At that time, the rate of Covid-19 infections and deaths had not quite peaked. Many investors believed that brick-and-mortar retailing would go the way of the dinosaurs and that e-commerce would be the primary product selling channel.
During the pandemic-triggered market crash in 2020, SPG dropped from around $150 per share to less than $50. It opened in 2021 at $82 per share. Year-to-date, the shares are up 62%. In addition, the company has paid two $1.30 per share dividends.
I remain positive about SPG for at least the rest of 2021. For the 2020 fourth quarter, Simon reported funds from operations (FFO) of $2.17 per share. At that time, full-year 2021 guidance was FFO of $9.50 to $9.75.
With the 2021 first-quarter results announced in May, quarterly FFO came in at $2.48 per share, and the full-year guidance increased by a nickel. However, the $2.48 annualized adds up to more than the high-end of the guidance.
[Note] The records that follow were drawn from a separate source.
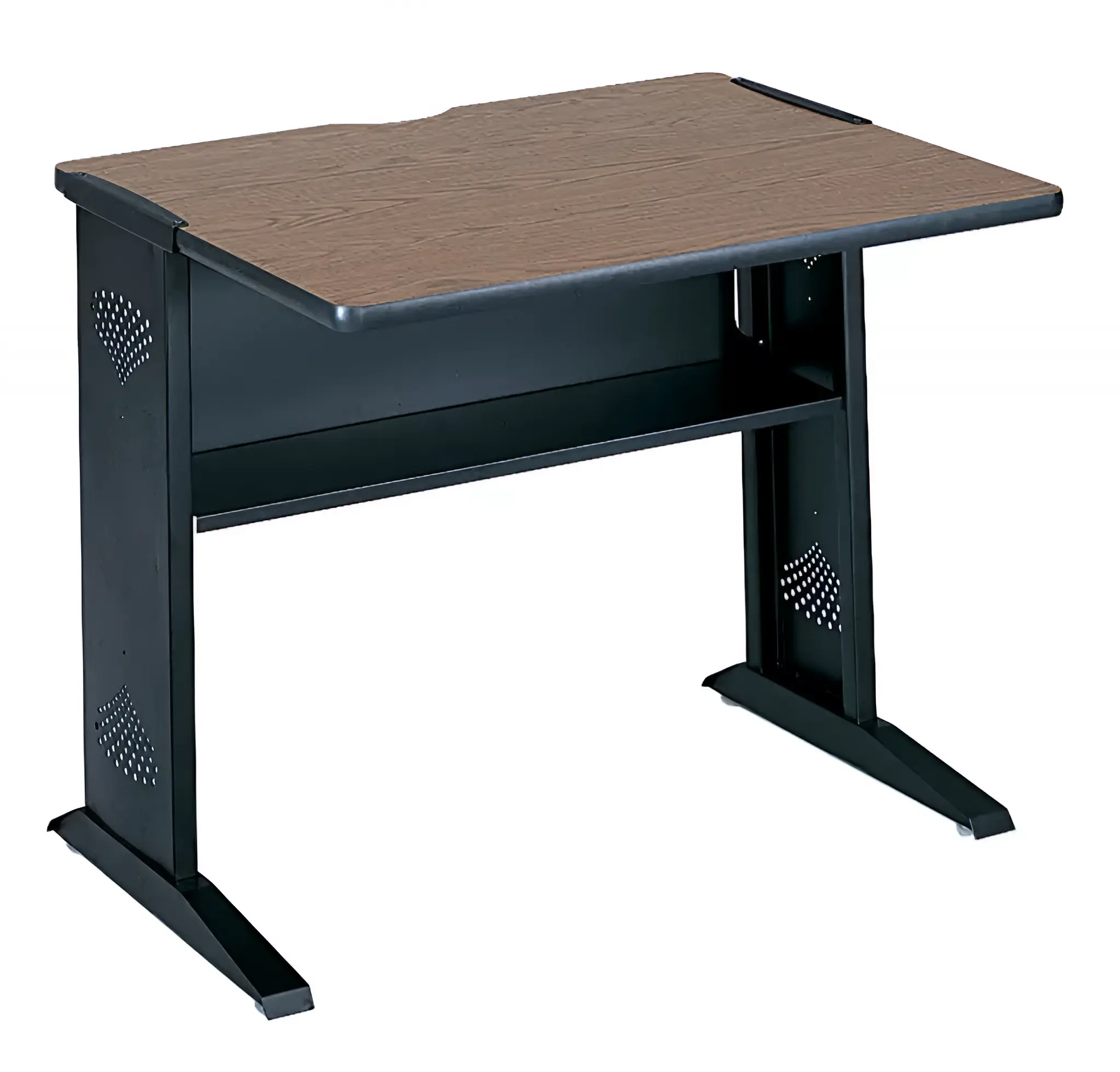 Safco 1930 Mahogany or Medium Oak- reversible 36''W Reversible Top Computer Desk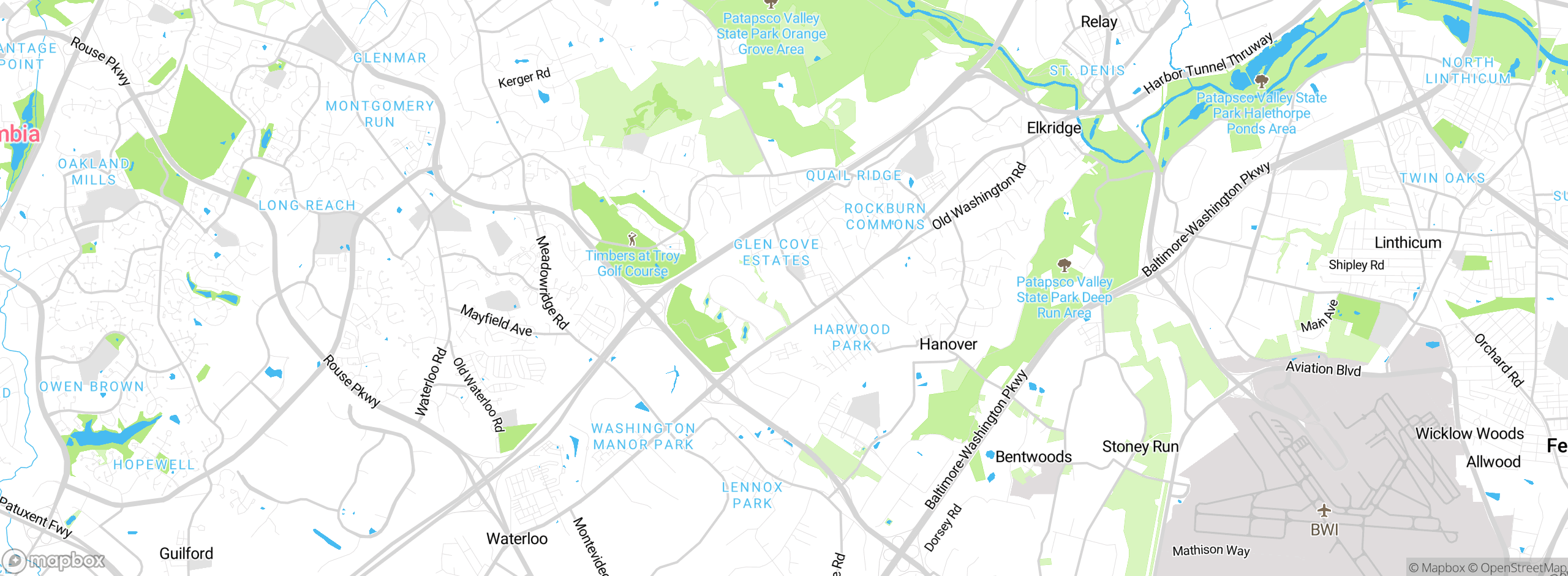 Map showing approximate location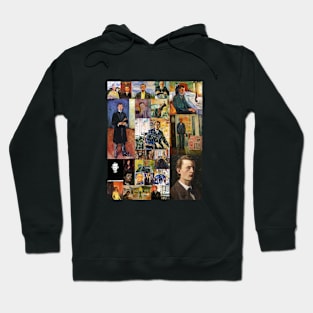 Edvard Munch Self-portrait Collage Hoodie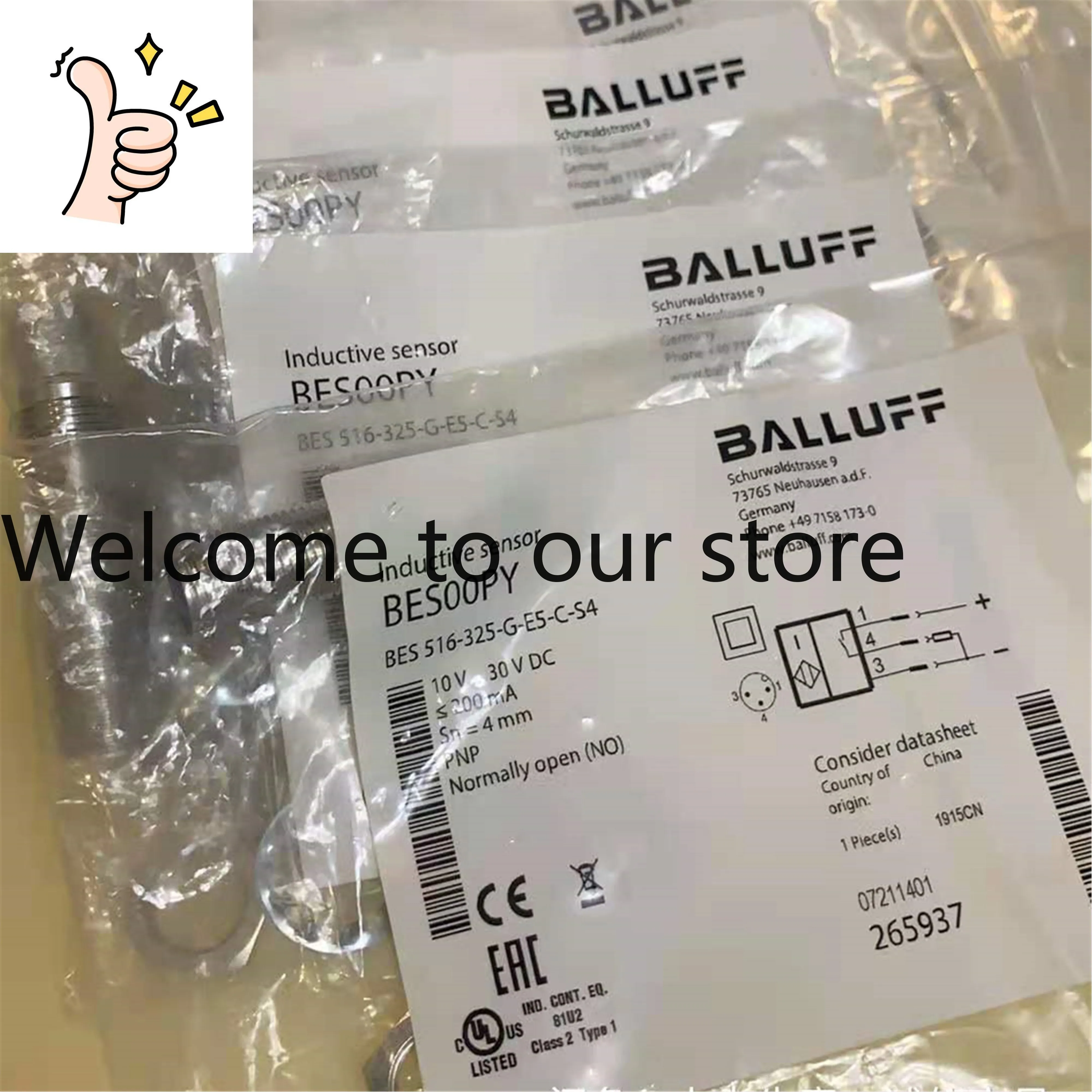 2025 Spot Balluff BES 516-325-G-E5-C-S4 BES00PY Proximity Switch Sensor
The SPG dividend was at $2.10 per share before the pandemic. The company has paid the $1.30 dividend for four consecutive quarters. With quarterly FFO running at $2.50 per share, I expect the company will soon resume a dividend growth profile. Hopefully, with a significant increase from the $1.30 level.
Through the crisis, Simon made a number of strategic acquisitions, including buying the Taubman Group of premium malls. I expect this premium mall REIT to exit 2021 in stronger financial shape than before the pandemic.